FIRE TOWERS AND BELFRIES.
(To the Editor of the Mirror.)
In No. 333 of the MIRROR, there is an article on the ancient round towers in Scotland and Ireland, in which it is stated that the said towers “have puzzled all antiquarians,” that they are now generally called fire towers and that “they certainly were not belfries.”
I have often thought that antiquarians, and particularly our modern Irish antiquarians, have affected to be puzzled about what, to the rest of mankind, must appear to be evident enough; and this for the purpose of making a parade of their learning, and of astonishing the common reader by the ingenuity of their speculations.
I think I shall be able to show, that a motive of this kind must have operated in the case of these round towers, otherwise “all the antiquarians” could not have been so sadly puzzled about what to the rest of the world appears a very plain matter.
The fact is, that when St. Patrick planted the Christian faith in Ireland, in the middle of the fifth century, (he died A.D. 492,) the practice of hanging bells in church steeples had not begun; and we know from history, that they were first used to summon the people to worship in A.D. 551, by a bishop of Campania; the churches, therefore, that were erected by St. Patrick, (and he built many,) were originally without belfries; and when the use of bells became common, it was judged more expedient to erect a belfry detached from the church, than by sticking it up against the side or end walls, to mar the proportions of the original building.
This is the account of the matter given by the old Irish historians, not one of whom appears to have been aware what “puzzlers” these round towers were to become in after ages; and in a life of St. Kevin, of Glendaloch, (co. Wicklow,) who died A.D. 628, we are told that “the holy bishop did,” a short time before his death, “erect a bell-house (cloig-theach) contiguous to the church formerly erected by him, in which he placed a bell, to the glory of God, and for the good of his own soul.”

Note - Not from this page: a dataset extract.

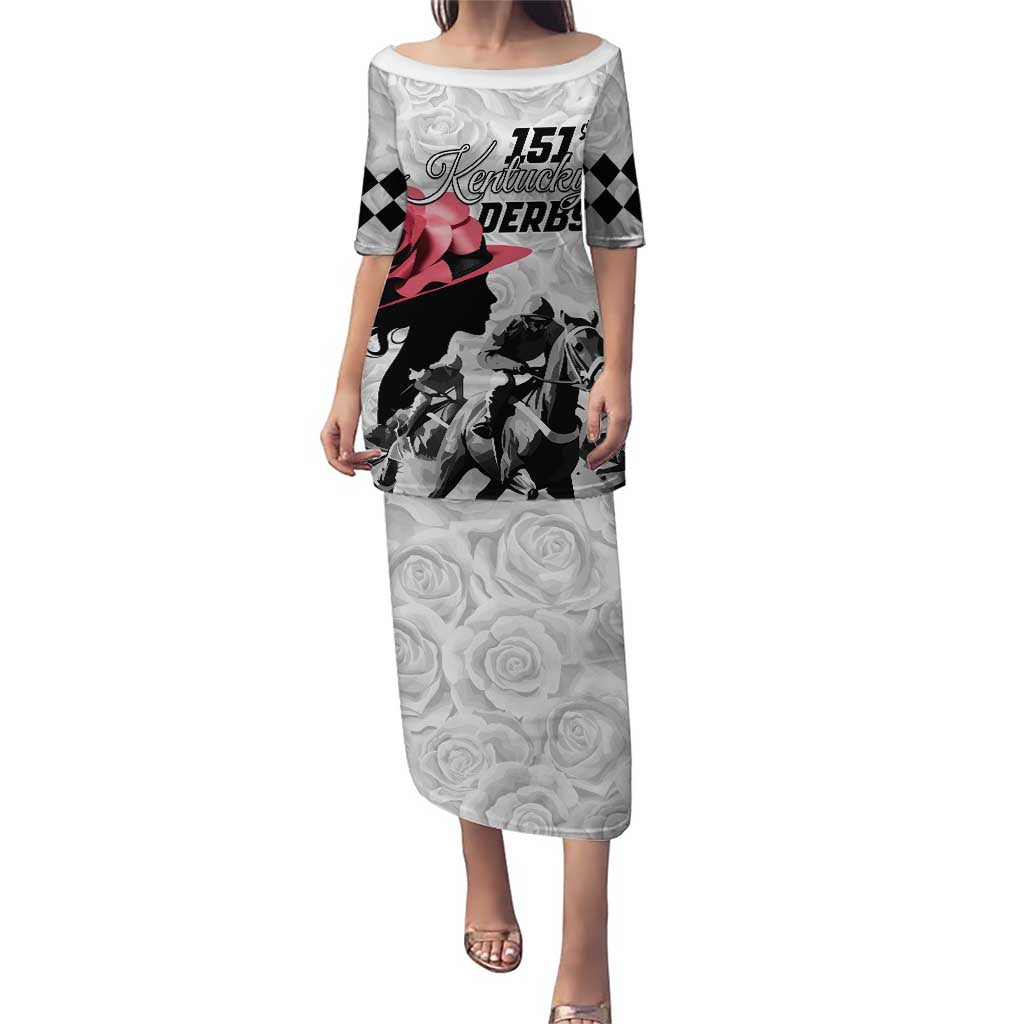 Kentucky Horse Racing Happy 151st Anniversary Puletasi Silhouette Girl Derby Hat With Rose LT01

I am not unaware, in giving you the above quotation, that “all the antiquarians,” and particularly those of Scotland, have long since decided, that in every matter connected with the ancient history of Ireland, her native historians (many of whom were eye-witnesses of the facts they relate) are on no account to be credited; and that the safest way of dealing with those chroniclers is, in every thing, to take for granted exactly the reverse of what they may at any time assert. In deference, therefore, to such high authorities, I shall waive any advantage which I might claim on account of a quotation from the works of a native historian, and proceed to show, from the reasonableness of the thing itself, that those towers which you state “were certainly never belfries,” were in fact belfries, and were never any thing else.
First.—They are all situated within a few yards of some ancient church, and which church is invariably without a steeple.
Secondly.—It is impossible to conceive, from their slender shape, their great height, and their contiguity to the church, for what other purpose they could have been intended, having, to a spectator inside, who looks up to the top, exactly the appearance of an enormous gun-barrel.
Thirdly.—That in all of them now entire, the holes, for the purpose of receiving the beam to support the bell, remain; and that in one at least, that upon Tory Island, co. Donegal, the beam itself may be seen at this day.
Fourthly, and which appears to me more conclusive than all the rest, that these towers, in every part of Ireland, are, to this day, called in Irish by the name of clogach, (cloig-theach,) that is, bell-house, and that they are never called (in Irish at least) by any other name whatever.
H.S.
P.S. We have heard a good deal of late of a chimney or high tower erected at Bow, by the East London Water Company, on account of its having been erected without any outside scaffolding. It is remarkable, that the traditions of all the people in the neighbourhood of the round towers in Ireland, agree in stating that they were built in the same manner.